Quote Originally Posted by 27 View Post
Dude, just think about it. Why couldn't your brain trick you into making you think you're seeing a new color? One outside the normal color spectrum? You can do anything in your dreams. Anything. A new color wouldn't even be that hard. I wouldn't classify it as an "extreme" lucid experiment anyway. Not as hard as 360 vision or controlling two bodies anyway. You shouldn't say it's impossible if you've never tried it.
Hah! 360 degree vision is easy! I've done that awake with just my imagination!

A whole new colour is too intense. Sure you could technically see beyond our spectrum by fireing off the right neurones. It is also technically possible to with the lottery jackpot 5 weeks in a row. A new colour is so beyond our capabilities, and I'm saying that as someone with perfect dream control, when lucid, and an advanced knowldge of the capabilities of my own mind. Trust me, my imagination is so strong that while awake I have felt what it feels like to be in a totally non-human body, seen 360 vision and so on.

What experience or evidence makes you think that seeing a new colour in a dream can realistically be done? Speculation? Intuition? Ignorant assumptions?

As a person who has studied the biology of the human eye and human dreams in psychological fields, as well as massive skill in control in dreams it does not make proper sense.

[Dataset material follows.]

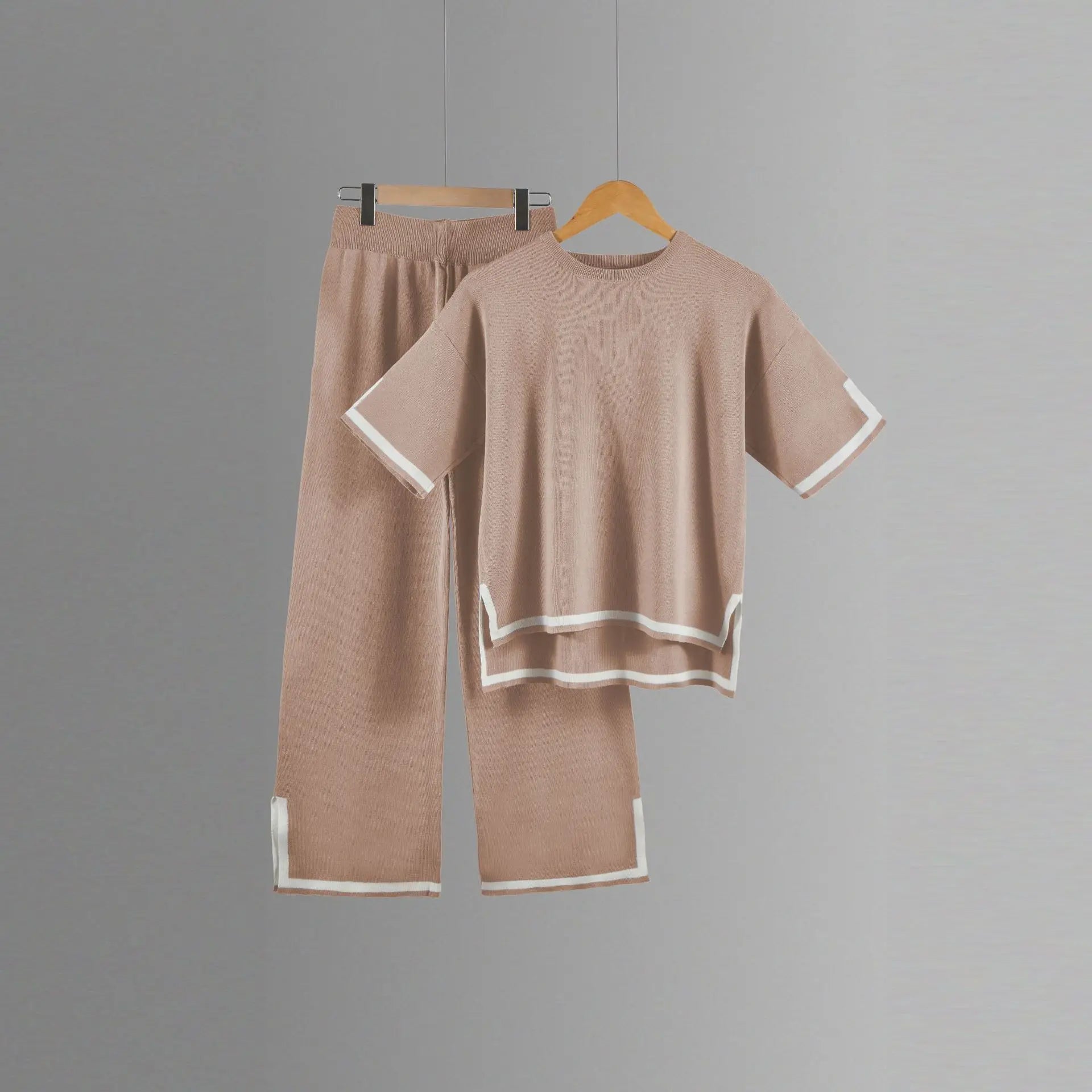 Two-piece Summer New Knitted Elegant Trousers Suit Short-sleeved Pullover Wide-leg Pants Casual Home Two-piece Women's Set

Jamous, I had though about this very same thing when I was about 14. Frankly, the answer is so obvious that I don't see why I'm bothering. Simply the colours could not work that way. Look at the colour spread when chosing custom colours on most computor software. There are more shades of green than any other colour. If it were true that one person were to perceve colours as the next one on, this would not work correctly. It would mean that there would be detail on certain coloured objects that some people just would not be able to see. This may be true of some (i.e. the colourblind), but the difference would be much more noticable.

On the subject of colourblindness, I happen to know a couple of people inflicted with it. They simply struggle to tell the difference between red and green. That is because they are less capable of detecting those colours and are thus less distinct. They do not see it as something different. This arguement goes someway to disproving your suggestion as it shows with known example that sight of colour does not wirk in that way.

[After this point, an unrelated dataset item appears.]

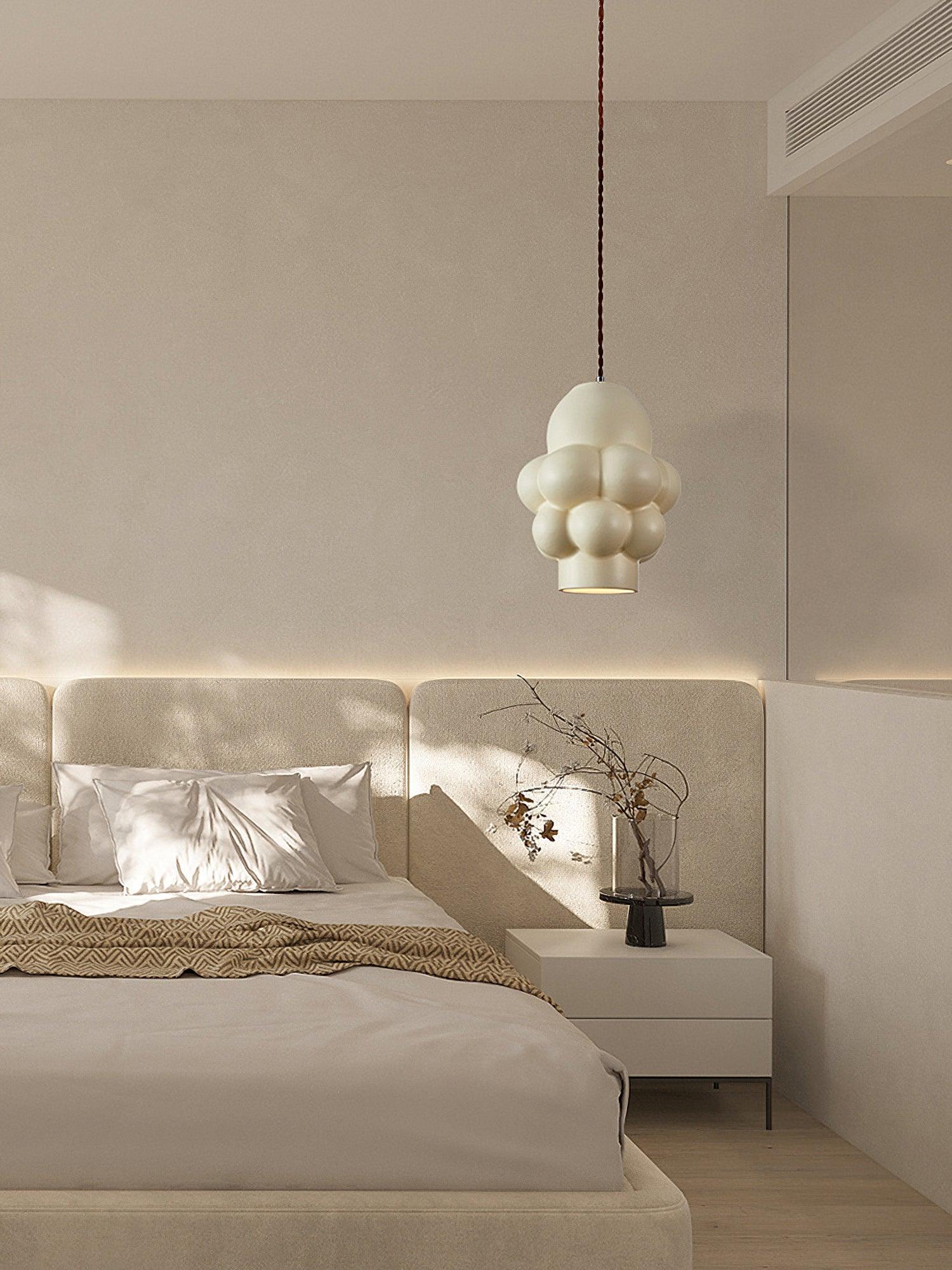 Modern Resin Cream Pendant Light Minimalist Hanging Ceiling Lamp for Home Interior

Finally, all our eyes work the same. Sure they may be of different calabre. Some have shaper vision, some detect colour better, others see things brighter. However, the colour wavelengths are constant. If it wasn't for each person eyes would not work properly.



I don't put any faith in philosophers. They come up with some real rubbish some times. They lack the simple common sense (which I prize for its rarety) often to spot the obvious flaws. One such man after a dream about being a butterfly questioned whether he was a man dreaming he was a butterfly or vice versa. Anyone with any experience of dreams should be able to instantly recognise that he would be able to know, the dream would not be that long, he would have no concept of humaity, etc.